# Determine the value of k so that the following linear equations have no solution:

Question:

Determine the value of k so that the following linear equations have no solution:

(3k + 1) x + 3y − 2 = 0

(k2 + 1) x + (k − 2) y − 5 = 0

Solution:

The given system of equations is

(3k + 1) x + 3y − 2 = 0

(k2 + 1) x + (k − 2) y − 5 = 0

Here, a1 = 3k + 1, b1 = 3, c1 = −2

a2 = k2 + 1, b2 = k − 2, c2 = −5

The given system of equations has no solution.
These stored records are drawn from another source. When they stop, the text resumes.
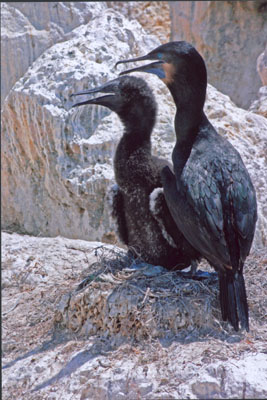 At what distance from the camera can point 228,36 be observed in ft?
28.9

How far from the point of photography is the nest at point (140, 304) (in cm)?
332

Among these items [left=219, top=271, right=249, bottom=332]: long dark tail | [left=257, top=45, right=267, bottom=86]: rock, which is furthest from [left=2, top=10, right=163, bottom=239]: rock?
[left=219, top=271, right=249, bottom=332]: long dark tail

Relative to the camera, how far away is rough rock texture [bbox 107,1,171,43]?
1064 centimetres

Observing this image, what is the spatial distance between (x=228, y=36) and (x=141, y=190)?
5551 millimetres

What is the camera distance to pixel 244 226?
3.33 metres

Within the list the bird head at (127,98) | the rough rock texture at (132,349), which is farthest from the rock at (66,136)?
the rough rock texture at (132,349)

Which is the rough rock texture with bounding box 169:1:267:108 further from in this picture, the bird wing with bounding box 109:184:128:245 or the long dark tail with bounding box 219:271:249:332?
the long dark tail with bounding box 219:271:249:332

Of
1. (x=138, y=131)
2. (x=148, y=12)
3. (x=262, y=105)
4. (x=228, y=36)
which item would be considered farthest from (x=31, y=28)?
(x=148, y=12)

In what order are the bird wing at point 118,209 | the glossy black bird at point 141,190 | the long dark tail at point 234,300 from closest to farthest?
1. the long dark tail at point 234,300
2. the glossy black bird at point 141,190
3. the bird wing at point 118,209

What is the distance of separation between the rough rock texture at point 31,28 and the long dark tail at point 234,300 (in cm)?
432

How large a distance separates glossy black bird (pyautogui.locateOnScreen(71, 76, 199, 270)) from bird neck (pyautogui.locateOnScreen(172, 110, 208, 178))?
1.19 ft

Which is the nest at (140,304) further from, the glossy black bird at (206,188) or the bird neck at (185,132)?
the bird neck at (185,132)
$\therefore \frac{a_{1}}{a_{2}}=\frac{b_{1}}{b_{2}} \neq \frac{c_{1}}{c_{2}}$

$\Rightarrow \frac{3 k+1}{k^{2}+1}=\frac{3}{k-2} \neq \frac{-2}{-5}$

$\Rightarrow \frac{3 k+1}{k^{2}+1}=\frac{3}{k-2}$ and $\frac{3}{k-2} \neq \frac{2}{5}$

Now,

$\frac{3 k+1}{k^{2}+1}=\frac{3}{k-2}$

$\Rightarrow(3 k+1)(k-2)=3\left(k^{2}+1\right)$

$\Rightarrow 3 k^{2}-5 k-2=3 k^{2}+3$

$\Rightarrow-5 k=5$

$\Rightarrow k=-1$

When k = −1,

$\frac{3}{k-2}=\frac{3}{-1-2}=\frac{3}{-3}=-1$

Thus, for $k=-1, \frac{3}{k-2} \neq \frac{2}{5}$

Hence, the given system of equations has no solution when k = −1.